In general terms, the definition of grouting is: an injection under pressure of fluid material into fractures and cavities in rock, soil or artificial structures.

Grouting in construction basically has three different main purposes: stabilization, strengthening, sealing.

Stabilization:

Stabilization grouting is making a skeleton of grout in weak parts or areas of the ground and to avoid sliding in cracks, fissures or bedding planes. It can also be done as spot grouting at selected location.

Stabilization grouting is also used when a future concrete casting is to be done. This is grouting to support a construction which will have a temporary status, like a pilot tunnel in a civil engineering project or a drift in a mine. This type of grouting is not meant to stop seepage or water intrusion.

For foundation work, stabilization grouting is mainly done to create temporary roads, work site foundations, stabilize trenches, etc. It may later on form a part of a permanent support.

Strengthening:

Strengthening grouting is when the grouted ground is connected together by the grout and acts as one body.

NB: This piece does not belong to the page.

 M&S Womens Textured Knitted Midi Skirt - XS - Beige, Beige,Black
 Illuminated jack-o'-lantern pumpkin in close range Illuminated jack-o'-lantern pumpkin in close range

Joins, fissures, shear faults and other voids in the rock are filled with grout. This is grouting to reinforce a

structure that will be permanent, such as communication or water tunnels.

In dam foundations, blanket grouting is a process of enhancing the mechanical properties of the ground itself, so it can act as the support of the structure.

In most cases, it is less expensive to utilize the rock thus strengthened in situ instead of drilling, blasting, excavating, crushing, and mixing it with cement to form a concrete which then is cast to form a support for the excavation.

The different variants of consolidation grouting may be considered as mainly strengthening grouting.

Sealing:

Sealing is strengthening grouting developed to almost water tightness, when a tunnel is dry or the seepage underneath a dam negligible. Sealing is divided into different sealing classes, depending on the permissible inflow of water on the particular work site.

Curtain and cover grouting are forms of sealing grouting. In most subsurface constructions. Sealing is done as pre-grouting, the grouted zone should always go beyond the excavation area disturbed by blasting.

A concrete casted lining will not seal the ground or stop a ground water sinking unless it is combined with grouting or an impermeable membrane.

The tunnel can act as a drainage pipe in the ground especially with the air pumping effect from traffic in the enclosed area.